I recently met with Nicola Zimmermann, who manages the Sutton office of the Alzheimer’s Society, to discuss changes happening in Sutton.

When Nicola took on the role 18 months ago, she tells me that they were not using their full potential and all the groups were only reaching about 60 of the approximately 2000 people in Sutton living with dementia. However, the Dementia Adviser and Support Services have supported 440 people affected by dementia with an extra 570 coming through the doors this next year These are commissioned by Sutton Council to provide dementia services and by the Sutton Clinical Commissioning Group (CCG) in relation to health provision.

The Sutton Alzheimer’s Society, while providing social events such as ‘Memory Lane’ café, is trying to get back to the core aim of the charity, which is to provide information, talk frankly about dementia and remove the stigma attached to this condition.

Amongst the changes are to take the cafés to other parts of Sutton, such as Belmont, Worcester Park, Sutton and Wallington, to provide peer support and carer support groups and working with GPs to get in touch with people as soon as they are diagnosed.

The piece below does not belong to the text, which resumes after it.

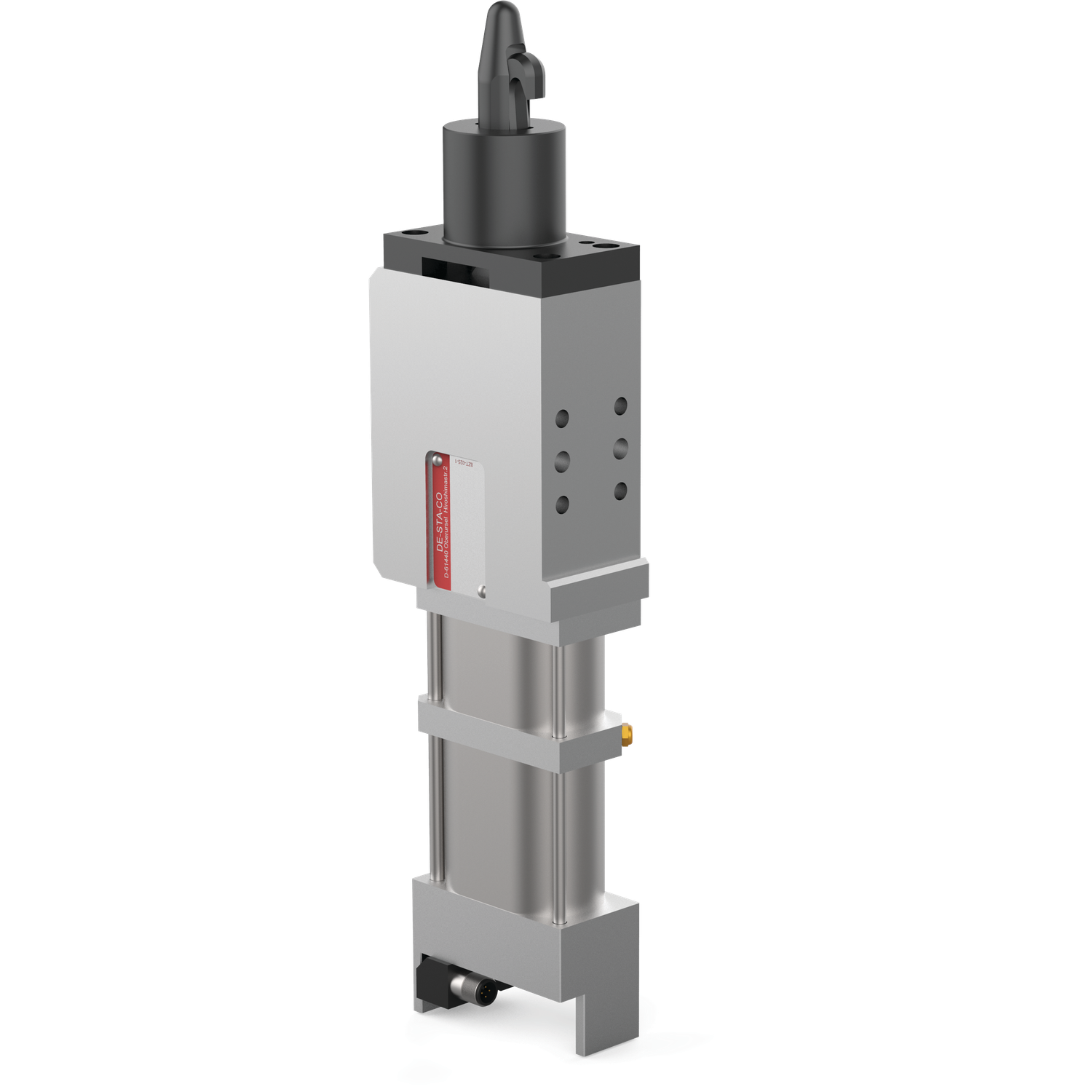 DESTACO 82P50-720D8A00101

One of the biggest changes we discussed was Nicola’s attempts to learn from Dementia Friendly Communities and change social attitudes towards dementia. This means changing the conversation to not ‘suffering’ with dementia, but ‘living well’ with dementia. Part of this process is to engage people living with the dementia with the community through the many social groups already run by others such as singing groups and other activities.

Working with the Dementia Action Alliance, this has involved the Sutton Alzheimer’s Society working with local organisations to encourage their members to attend social events, like friendship groups, within the community rather than run by the Alzheimer’s Society itself, which could broaden their social life and reduce social isolation.

As well as helping with integration, it also helps deal with funding concerns as Sutton Alzheimer’s Society can use their expertise in more appropriate settings and community groups can open up their doors to the needs people with dementia have in the social community.

I found the meeting incredibly useful and I look forward to working with Nicola and the Sutton Alzheimer’s Society in the future.